Что порой толкает нас на те или иные поступки, которые другим кажутся безрассудными? Идея, пришедшая на ум, родилась в душе, проявила суть моей натуры…
Лейтенант спал крепко. Я встал, оделся. Тихо, стараясь не скрипнуть, вышел в коридор, прикрыл дверь. Быстро перешел на солдатскую половину, растолкал спящего Сашка, выманил в прихожую. Мне нужен был тракторист, надежный парень - Сашок тотчас понял, что к чему. Страх мелькнул в его глазах, но я объяснил, как все будет, и Сашок с готовностью юркнул мимо спящего дежурного будить Петра Копаницу, тракториста, надежного пария…
Втроем мы подошли к сараю. Ключ от замка сняли с доски у дежурного. Копаница, со сна решивший, что выполняет приказ лейтенанта, теперь вдруг задумался: что-то тут не совсем так. Я тихо закипал, видя его робость, а он, верзила под метр девяносто, действительно, с грузным, как у базарной бабы задом, по-детски упрямился и никак не хотел входить в сарай. Пришлось поговорить начистоту: он заводит бульдозер, показывает, как управлять, все остальное - без него, он тут же возвращается в казарму и - ничего не видел, ничего не слышал, спал. Кое-как вдвоем с Сашком мы уговорили его.
Солярки в баке было достаточно, аккумулятор в порядке, двигатель завелся легко, от стартера. Копаница показал, где какие рычаги и педали, научил плавно поднимать и опускать нож, и я самостоятельно рывками выполз из сарая. Копаница опасливой трусцой побежал в казарму. Сашок хотел остаться со мной, но я заставил его уйти - рисковать я имел право только собой.
Странно, удивительно, но бульдозер тоже был заодно со мной, подлаживался под мои желания - так легок и послушен был в управлении. Я выехал на прямую - почти три километра! - и погнал вдоль Хранилища на полной скорости. Густой снег, несущийся навстречу, в один миг залепил переднее стекло. Я не знал, как включается "дворник", откинул дверцу и высунулся из кабины. Мокрая масса хлынула в лицо. Приходилось одной рукой управлять, а другой защищать от снега глаза.
Эта гонка на бульдозере глухой ночью по особой зоне вдоль Хранилища, сквозь роящиеся хлопья снега, а главное, как я считал, во имя торжества справедливости на этом оцепленном колючей проволокой кусочке земли, вызвала во мне такой подъем, что от полноты чувств я замычал, замурлыкал и наконец запел во все горло:
А ну-ка песню нам пропой, веселый ветер!
Веселый ветер! Веселый ветер!
Моря и горы ты обшарил все на свете…
И там, дальше, мне нравились слова припева:
Про мускулы стальные,
Про смелых и больших людей!
Именно таким я и ощущал себя сейчас - смелым и большим! Я понимал, что поднимаю бунт против лейтенанта, что он этого мне не простит, возможно, кара будет жестокой, ведь он тоже вырос на словах припева: "Про мускулы стальные, про смелых и больших людей…" Но песня, звучавшая во мне, все же, как мне казалось, хотя и с теми же самыми словами, в принципе была другой! Она несла не закабаление стальными мускулами, а освобождение - ведь для борьбы за свободу тоже нужны стальные мускулы.

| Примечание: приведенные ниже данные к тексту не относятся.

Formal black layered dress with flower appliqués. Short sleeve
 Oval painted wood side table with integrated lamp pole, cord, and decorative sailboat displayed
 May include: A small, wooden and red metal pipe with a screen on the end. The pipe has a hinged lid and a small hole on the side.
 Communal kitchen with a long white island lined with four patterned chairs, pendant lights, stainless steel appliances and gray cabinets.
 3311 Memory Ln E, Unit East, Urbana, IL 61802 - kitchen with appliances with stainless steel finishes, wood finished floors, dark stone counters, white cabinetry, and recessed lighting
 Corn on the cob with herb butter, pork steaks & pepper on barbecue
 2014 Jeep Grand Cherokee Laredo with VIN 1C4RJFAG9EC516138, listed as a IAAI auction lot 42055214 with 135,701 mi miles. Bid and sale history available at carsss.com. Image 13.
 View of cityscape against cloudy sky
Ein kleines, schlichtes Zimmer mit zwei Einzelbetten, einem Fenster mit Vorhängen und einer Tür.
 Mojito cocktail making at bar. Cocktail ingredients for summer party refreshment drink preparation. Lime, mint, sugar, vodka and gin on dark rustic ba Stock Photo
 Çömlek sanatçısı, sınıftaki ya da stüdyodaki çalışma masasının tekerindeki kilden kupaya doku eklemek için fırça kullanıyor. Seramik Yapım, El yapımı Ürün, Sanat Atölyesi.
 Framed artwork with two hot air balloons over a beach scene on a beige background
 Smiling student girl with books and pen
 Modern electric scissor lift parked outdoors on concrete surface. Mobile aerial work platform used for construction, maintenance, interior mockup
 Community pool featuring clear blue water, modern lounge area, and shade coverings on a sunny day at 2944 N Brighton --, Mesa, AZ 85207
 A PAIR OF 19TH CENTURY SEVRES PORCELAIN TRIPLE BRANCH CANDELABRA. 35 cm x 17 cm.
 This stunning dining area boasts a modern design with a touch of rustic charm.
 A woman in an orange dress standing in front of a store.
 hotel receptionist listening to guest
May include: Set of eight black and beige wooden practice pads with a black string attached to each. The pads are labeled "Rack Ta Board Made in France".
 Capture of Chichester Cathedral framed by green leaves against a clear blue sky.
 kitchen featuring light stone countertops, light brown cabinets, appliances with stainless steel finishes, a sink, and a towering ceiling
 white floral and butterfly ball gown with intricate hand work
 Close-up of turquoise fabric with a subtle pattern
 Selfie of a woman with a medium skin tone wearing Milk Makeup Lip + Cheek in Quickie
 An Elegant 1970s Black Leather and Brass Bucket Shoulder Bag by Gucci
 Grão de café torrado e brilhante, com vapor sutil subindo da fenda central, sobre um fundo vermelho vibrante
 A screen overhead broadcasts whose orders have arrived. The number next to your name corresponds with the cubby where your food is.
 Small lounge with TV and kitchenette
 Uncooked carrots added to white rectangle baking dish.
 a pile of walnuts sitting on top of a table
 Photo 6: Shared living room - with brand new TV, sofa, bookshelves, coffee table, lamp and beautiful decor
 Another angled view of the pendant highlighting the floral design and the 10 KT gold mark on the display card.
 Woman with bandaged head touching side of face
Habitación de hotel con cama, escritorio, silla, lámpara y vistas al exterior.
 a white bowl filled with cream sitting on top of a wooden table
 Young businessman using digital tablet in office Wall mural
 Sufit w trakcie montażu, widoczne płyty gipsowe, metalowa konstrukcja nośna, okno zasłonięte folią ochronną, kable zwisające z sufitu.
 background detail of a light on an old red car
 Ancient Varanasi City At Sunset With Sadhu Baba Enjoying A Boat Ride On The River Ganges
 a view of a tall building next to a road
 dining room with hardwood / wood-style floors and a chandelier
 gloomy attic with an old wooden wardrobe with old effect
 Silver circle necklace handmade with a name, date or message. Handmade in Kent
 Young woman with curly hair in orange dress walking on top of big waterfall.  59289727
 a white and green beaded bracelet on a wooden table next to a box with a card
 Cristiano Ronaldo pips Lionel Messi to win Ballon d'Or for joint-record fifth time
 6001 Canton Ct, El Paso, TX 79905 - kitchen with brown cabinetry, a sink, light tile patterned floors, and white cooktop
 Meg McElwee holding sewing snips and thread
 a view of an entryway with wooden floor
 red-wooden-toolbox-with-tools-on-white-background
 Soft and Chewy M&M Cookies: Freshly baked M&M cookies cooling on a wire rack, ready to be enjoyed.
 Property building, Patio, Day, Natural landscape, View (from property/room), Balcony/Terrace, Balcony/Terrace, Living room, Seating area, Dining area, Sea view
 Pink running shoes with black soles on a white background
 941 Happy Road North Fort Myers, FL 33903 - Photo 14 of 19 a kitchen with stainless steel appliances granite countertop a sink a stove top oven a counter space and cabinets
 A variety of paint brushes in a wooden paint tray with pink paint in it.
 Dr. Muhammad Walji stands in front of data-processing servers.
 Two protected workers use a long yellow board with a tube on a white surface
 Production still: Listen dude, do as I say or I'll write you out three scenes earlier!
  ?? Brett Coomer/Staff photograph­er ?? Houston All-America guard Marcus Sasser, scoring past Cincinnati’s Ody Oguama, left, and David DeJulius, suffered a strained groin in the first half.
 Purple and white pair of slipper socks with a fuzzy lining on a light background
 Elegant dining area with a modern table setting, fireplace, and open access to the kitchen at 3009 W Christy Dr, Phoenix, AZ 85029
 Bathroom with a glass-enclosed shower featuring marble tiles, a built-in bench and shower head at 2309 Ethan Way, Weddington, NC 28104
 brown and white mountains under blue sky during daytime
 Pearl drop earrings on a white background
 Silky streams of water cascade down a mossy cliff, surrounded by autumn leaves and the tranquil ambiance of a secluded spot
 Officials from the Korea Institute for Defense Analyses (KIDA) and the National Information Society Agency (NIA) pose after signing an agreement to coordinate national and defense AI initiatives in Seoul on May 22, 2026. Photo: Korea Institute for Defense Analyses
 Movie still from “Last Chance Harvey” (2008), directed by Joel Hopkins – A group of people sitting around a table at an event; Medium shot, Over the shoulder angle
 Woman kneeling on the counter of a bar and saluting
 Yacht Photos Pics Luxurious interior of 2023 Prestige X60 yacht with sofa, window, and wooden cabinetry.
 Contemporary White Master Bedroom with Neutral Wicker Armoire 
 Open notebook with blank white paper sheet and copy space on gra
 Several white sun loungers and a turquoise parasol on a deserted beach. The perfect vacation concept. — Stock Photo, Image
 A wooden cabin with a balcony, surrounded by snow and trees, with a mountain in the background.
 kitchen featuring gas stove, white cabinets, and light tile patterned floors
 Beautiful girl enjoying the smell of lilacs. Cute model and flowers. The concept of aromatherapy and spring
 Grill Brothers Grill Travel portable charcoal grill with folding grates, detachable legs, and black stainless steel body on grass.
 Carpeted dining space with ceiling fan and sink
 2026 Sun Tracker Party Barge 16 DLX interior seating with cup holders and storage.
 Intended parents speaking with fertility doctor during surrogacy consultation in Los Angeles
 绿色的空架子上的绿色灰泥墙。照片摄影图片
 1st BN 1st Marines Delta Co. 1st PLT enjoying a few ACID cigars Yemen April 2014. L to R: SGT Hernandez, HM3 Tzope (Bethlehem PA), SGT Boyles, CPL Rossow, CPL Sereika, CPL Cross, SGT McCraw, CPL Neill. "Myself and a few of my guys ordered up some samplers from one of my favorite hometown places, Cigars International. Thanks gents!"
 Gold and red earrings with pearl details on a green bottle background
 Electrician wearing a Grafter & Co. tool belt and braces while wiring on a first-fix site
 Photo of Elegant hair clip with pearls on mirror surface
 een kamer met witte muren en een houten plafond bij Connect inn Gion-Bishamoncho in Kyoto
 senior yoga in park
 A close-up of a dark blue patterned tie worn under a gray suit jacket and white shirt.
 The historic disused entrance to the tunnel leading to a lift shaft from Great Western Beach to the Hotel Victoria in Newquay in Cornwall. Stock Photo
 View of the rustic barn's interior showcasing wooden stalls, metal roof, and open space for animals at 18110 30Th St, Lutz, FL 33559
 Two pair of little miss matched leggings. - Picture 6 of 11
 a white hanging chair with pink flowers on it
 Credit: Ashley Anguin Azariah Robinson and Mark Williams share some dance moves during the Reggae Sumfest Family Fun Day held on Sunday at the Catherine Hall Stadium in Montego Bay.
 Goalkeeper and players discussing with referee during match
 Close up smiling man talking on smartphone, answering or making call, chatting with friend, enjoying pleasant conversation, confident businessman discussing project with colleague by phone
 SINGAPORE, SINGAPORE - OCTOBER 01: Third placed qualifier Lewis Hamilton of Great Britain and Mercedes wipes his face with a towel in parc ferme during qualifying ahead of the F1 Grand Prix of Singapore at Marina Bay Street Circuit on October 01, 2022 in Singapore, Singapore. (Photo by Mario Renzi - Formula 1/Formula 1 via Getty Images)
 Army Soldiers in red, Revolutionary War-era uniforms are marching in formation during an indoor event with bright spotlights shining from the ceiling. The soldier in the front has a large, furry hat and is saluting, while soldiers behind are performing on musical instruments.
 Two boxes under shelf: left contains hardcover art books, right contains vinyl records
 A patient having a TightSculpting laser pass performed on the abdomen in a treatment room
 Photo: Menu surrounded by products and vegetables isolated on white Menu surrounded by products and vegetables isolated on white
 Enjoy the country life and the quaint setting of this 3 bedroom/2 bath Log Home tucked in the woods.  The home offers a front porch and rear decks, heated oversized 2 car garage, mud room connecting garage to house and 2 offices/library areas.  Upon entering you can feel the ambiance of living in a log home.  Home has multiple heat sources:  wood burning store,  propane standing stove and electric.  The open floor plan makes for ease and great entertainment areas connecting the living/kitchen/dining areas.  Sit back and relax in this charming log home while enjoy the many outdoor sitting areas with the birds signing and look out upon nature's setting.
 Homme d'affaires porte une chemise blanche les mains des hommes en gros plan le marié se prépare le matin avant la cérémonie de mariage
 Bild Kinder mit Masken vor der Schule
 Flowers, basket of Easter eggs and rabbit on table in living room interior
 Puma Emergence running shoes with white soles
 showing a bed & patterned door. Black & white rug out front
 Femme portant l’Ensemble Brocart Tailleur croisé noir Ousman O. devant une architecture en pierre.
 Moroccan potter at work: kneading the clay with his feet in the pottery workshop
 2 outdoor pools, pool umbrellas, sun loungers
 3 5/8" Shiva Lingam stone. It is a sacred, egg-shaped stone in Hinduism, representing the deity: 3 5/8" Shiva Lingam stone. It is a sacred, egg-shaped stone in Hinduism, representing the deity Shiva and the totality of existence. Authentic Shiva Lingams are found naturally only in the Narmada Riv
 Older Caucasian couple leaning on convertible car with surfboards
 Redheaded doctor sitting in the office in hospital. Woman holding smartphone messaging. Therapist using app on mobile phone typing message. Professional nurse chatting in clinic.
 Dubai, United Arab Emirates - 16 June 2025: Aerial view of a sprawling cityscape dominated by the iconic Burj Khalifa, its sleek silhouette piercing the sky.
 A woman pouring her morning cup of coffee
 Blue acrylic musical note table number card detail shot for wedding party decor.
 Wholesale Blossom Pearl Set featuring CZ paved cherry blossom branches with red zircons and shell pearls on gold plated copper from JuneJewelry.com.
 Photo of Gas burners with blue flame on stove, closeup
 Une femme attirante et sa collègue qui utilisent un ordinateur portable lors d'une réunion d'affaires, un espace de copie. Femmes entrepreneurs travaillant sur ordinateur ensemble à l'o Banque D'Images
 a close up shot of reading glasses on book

Это был ночной полет! Бой, сражение, битва! Бульдозер слушался меня и я был счастлив.
Кто привык до победы бороться,
С нами вместе пускай запоет!
До подъема я успел расчистить обе длинные дороги вдоль Хранилища, площадь перед ним и главную дорогу от проходной. Когда я проезжал мимо казармы, направляясь в сарай, лейтенант в одних плавках обтирался снегом. Он явно торопился, движения его были резкими, судорожными. На меня он не обратил внимания или мне так показалось из-за густо падающего снега.
Я загнал бульдозер на место. Едва успел сбить веником снег с крыши и крыльев, как в дверях появился лейтенант - уже в форме, скулы сведены, в глазах тусклый блеск, как у голодного зверя.
- Кто позволил использовать технику в особой зоне? Кто помог?